UCSB still has plenty to work on offensively, as right now their receivers are doing the brunt of the work to make their throwers look good, rather than it being an equal partnership. Still, their fast and loose style works for them in a way that is both maddening and discouraging for opponents. UCLA was a tough matchup for them, but the team should be proud of their 5-2 record, especially after splitting the series with Vermont 1-1.
Are We Sure Vermont’s Not the Best Team in New England?
The only team to make semis this weekend outside of the West Coast came into the weekend ranked fourth in their own region by the Ultiworld staff, but left with a few statement wins that are proof of concept for their ability as a team. #16 Vermont lost only to UCSD and UCSB on their way to a 6-2 record, playing the most games out of any team at the tournament — and still beat UCSB in their third-place game to split the series. The team is fast, tall, and dangerous when they can isolate their stars downfield.
You can’t talk about Vermont’s success without mentioning Kennedy McCarthy or Bethany Eldridge, and yet the team would likely still be highly competitive without them. “I’m never stressed on the field because our teams is so deep,” noted captain Eldridge. “We have so many players on our team that can fill in any role that it doesn’t matter if they have a matchup for me or a matchup for Kennedy. Everybody can throw the final assist or catch a disc to score a goal.”
Ruckus makes good use of their entire roster, most notably on offense. Teams readily threw out a number of zone looks against Vermont in hopes of slowing the twin towers of Eldridge and McCarthy, only for Emily Massey and Sarah VonDoepp to pick apart the zone with relative ease. Their ability to get quality play throughout the roster was especially apparent in their game against Northeastern, where Vermont’s depth swarmed a thinned Valkyries roster in quarters.
The captains were upfront about the reasons they come to early-season tournaments like SBI: to give their team something to work towards every practice. “If we started our season later, it would be really hard to get to this level,” said Eldridge. “The fact that we have this incentive of Santa Barbara happening in 18 days, in 15 days, really gets everyone going. They’re there whether it’s out to the extra practice, the extra throwing sessions, the extra workouts.”
This dedication to preparation paid off. Vermont was one of the best teams at a tournament featuring four teams that made the bracket at Nationals in 2019.
That’s not to say the team was perfect. Vermont’s defenders have a tendency to poach in the open side, which left them highly exposed against a savvy team like UCSD. When facing a disciplined opposition, Vermont’s aggressive style of defense suddenly came up short. “We spent a lot of time before the weekend learning to recognize poaches,” noted UCSD’s Diaz. “When we saw what they [Vermont] were doing, we knew how to adjust.”

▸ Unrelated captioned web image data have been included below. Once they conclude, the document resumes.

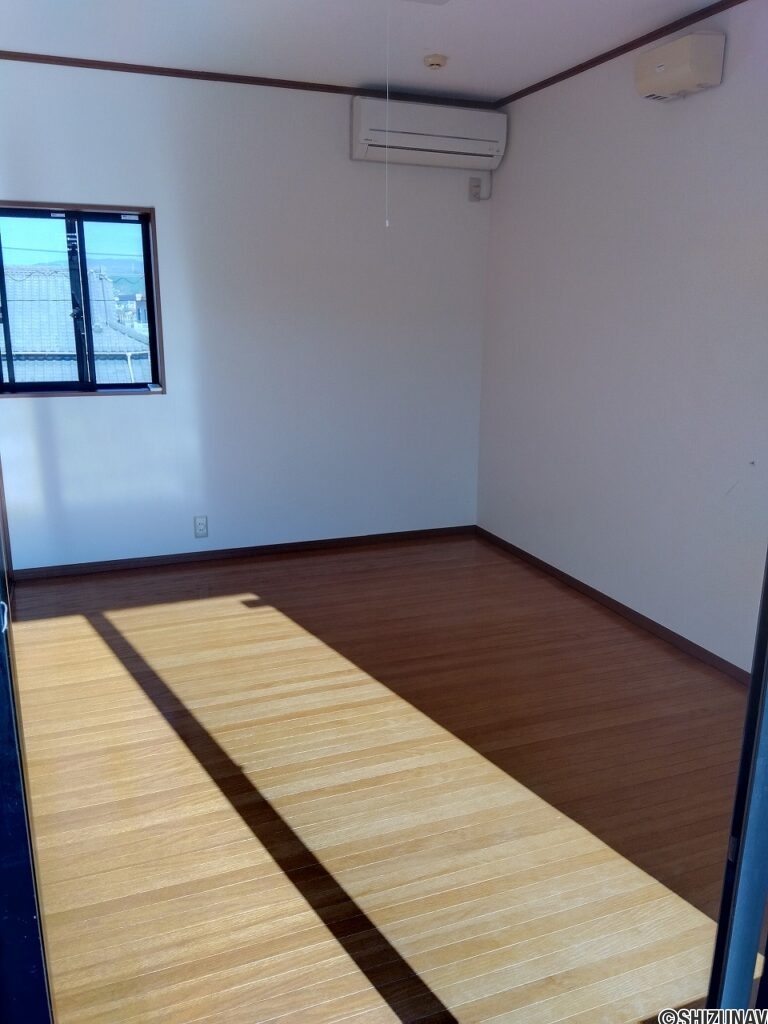 伊豆市本立野　中古住宅　内観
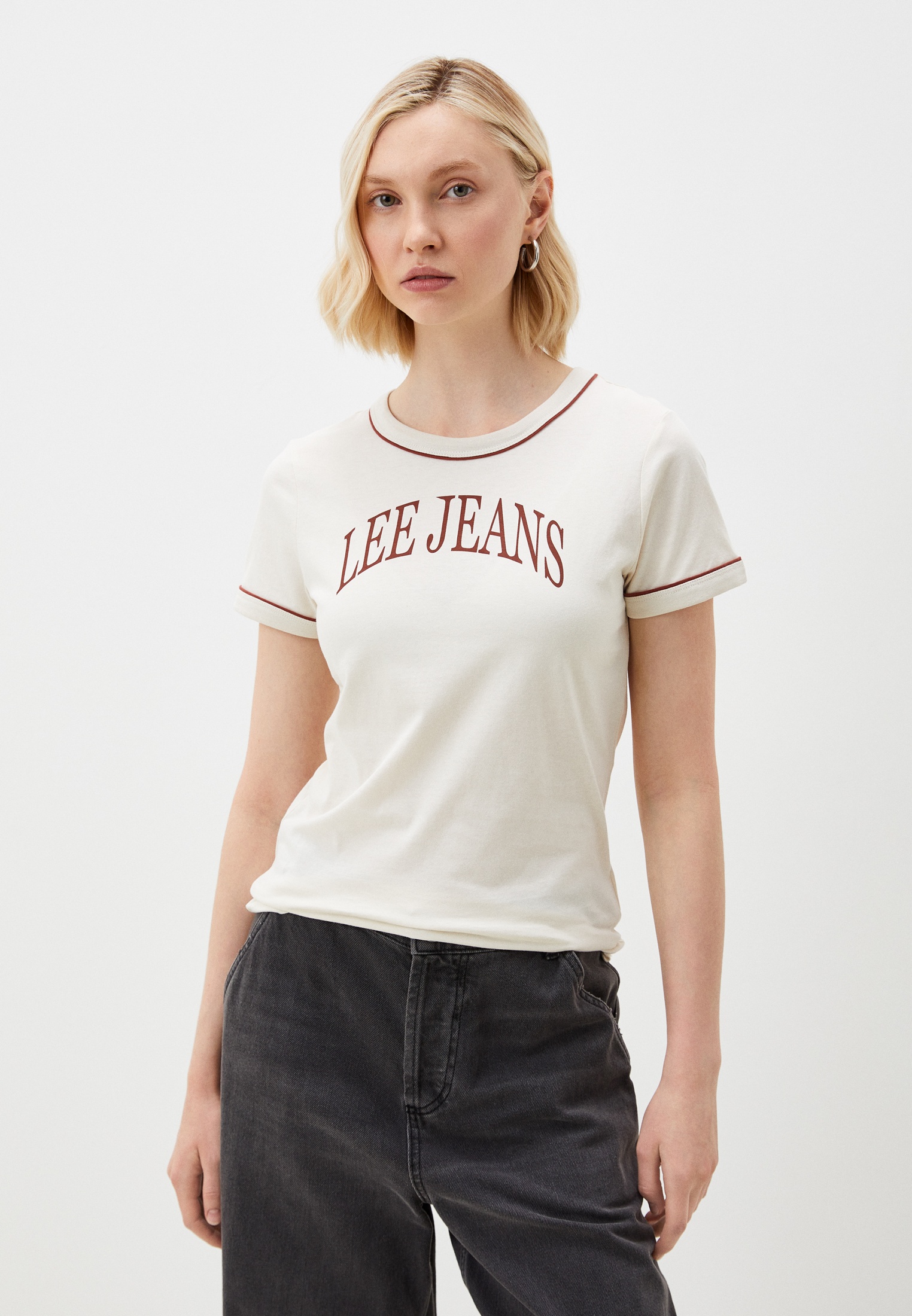 Футболка Lee, цвет: бежевый, RTLADN351501 — купить в интернет-магазине ...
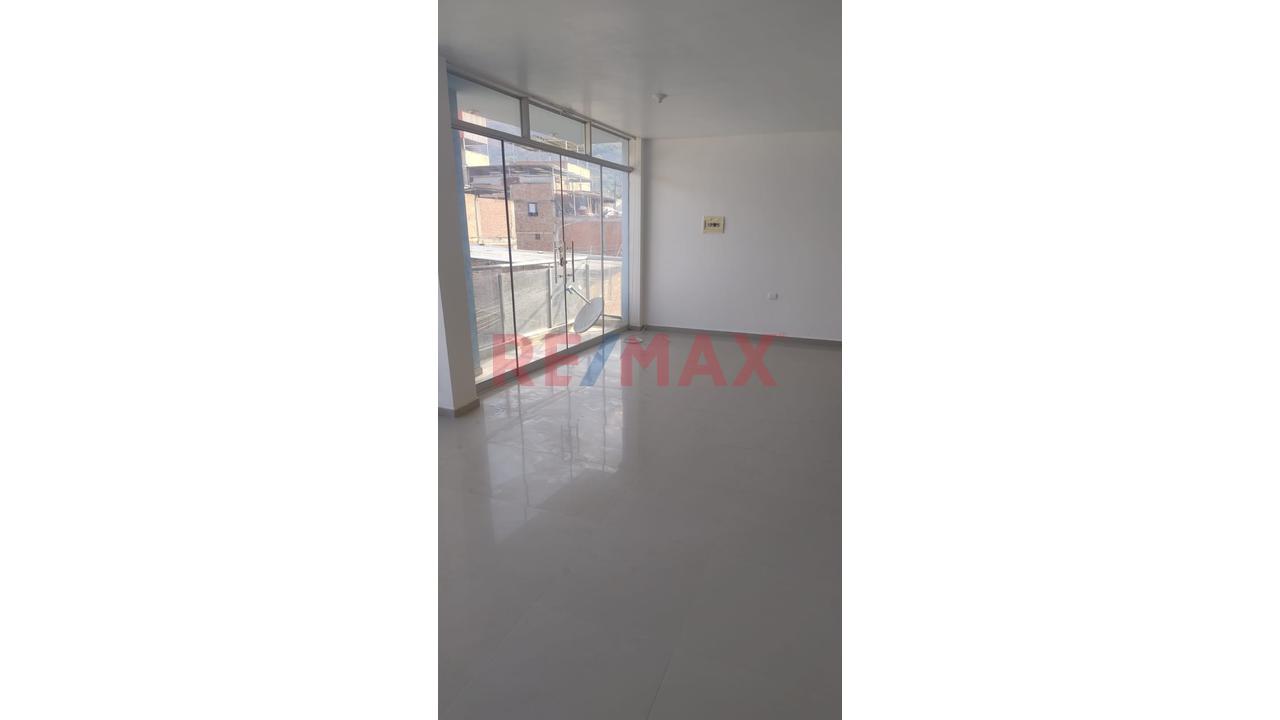 Ocasion Venta De Casa 4 Pisos En Urbanizacion Primavera Jaen Cajamarca - 4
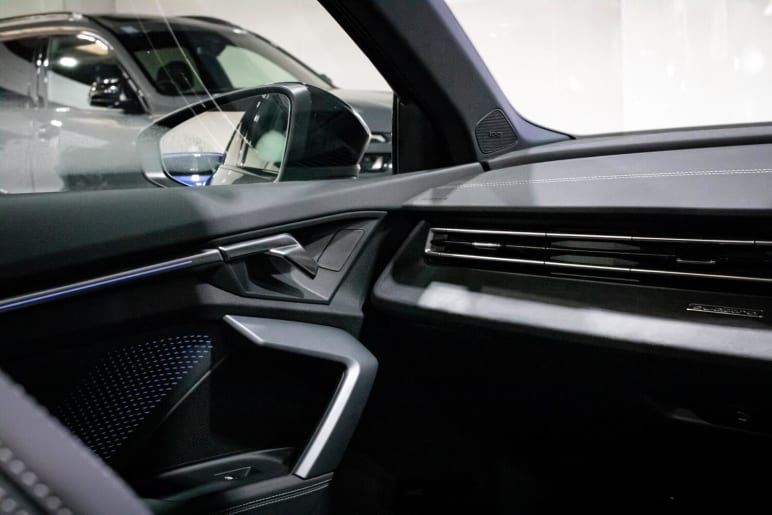 2.0 TFSI Black Edition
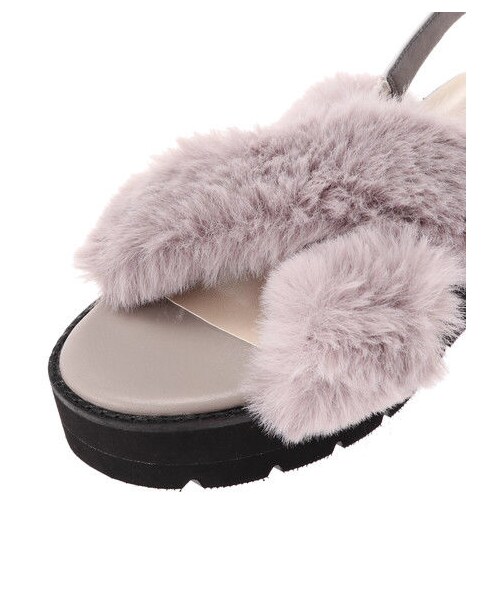 earth music&ecology（アースミュージックアンドエコロジー）の「ORiental TRaffic ファーサンダル（シューズ・ブラック/モカ・S/M/L）」の4枚目の写真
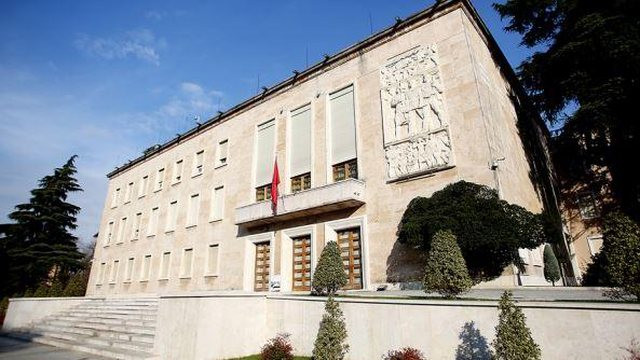Η αυστριακή "Ivicom holding" διεκδικεί αποζημίωση 150 εκ. ευρώ από την Αλβανία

Considering the size advantage and talent on the squad, Vermont doesn’t really need to poach to earn blocks. Still, that’s an easy problem to solve, and with how complete the team looked this early in the season, they’ll be a tough out against any opponent.
Washington’s Talent Can’t Be Ignored
There aren’t many comparable sports teams that have hit the jackpot in consecutive drafts quite like #9 Washington. The Northwest version of ‘The Process’ has led to an abundance of talent on Element’s 2020 roster that rivals UNC and Carleton in the prospective greatness of their rookie and sophomore classes. That potential was on full display this past weekend, with Element willingly taking on all the best teams the tournament had to offer, and holding their own in every game. Their 5-2 record does little to note just how strong Washington looked in a field of Nationals contenders. Outside their loss to UCSD on day one, there wasn’t a team that truly outclassed the Seattle squad.
“We’ve been pretty happy with the team overall,” said captain Alexa Yadama. “We have very talented handlers with a huge repertoire of throws and our cutters find spaces really well. We’re just working on chemistry at this point.”
While the team may have fallen out of the bracket against a feisty UCSB team, it was quite clear that the game could have gone either way, and with UW losing Steph Phillips early on day one, there’s every chance they could have taken that game with the full strength of their roster. Of course, talent is not Washington’s problem. Even with Phillips out of commission, there were plenty of players that stepped up in her stead. Ikran Elmi, Penny Nguyen, and Amy Nguyen easily soaked up the touches that would have flowed through Washington’s star sophomore, and the team was undeterred in their competitive energy.
In truth, Washington’s depth may have been to their detriment. As crazy as it sounds, Washington’s lack of hierarchy at times led to inefficiency. With too many players capable of taking over the game, no single one of them stepped up in crucial spots to take control of the game. Their heralded rookie sensation, Abby Hecko, clearly has all the tools to be the central figure on Washington’s offensive or defensive units, but they really didn’t need that from her, so she would often hang out in the deep space or wide on the sidelines without making much of an impact on the game.
It feels important to clarify that this is the best possible problem that a team could have, especially at this point in the season. “This weekend we were trying to play our depth. That was our main focus,” said the Washington captains, in agreement. “It was about building chemistry, playing together, and using our depth.”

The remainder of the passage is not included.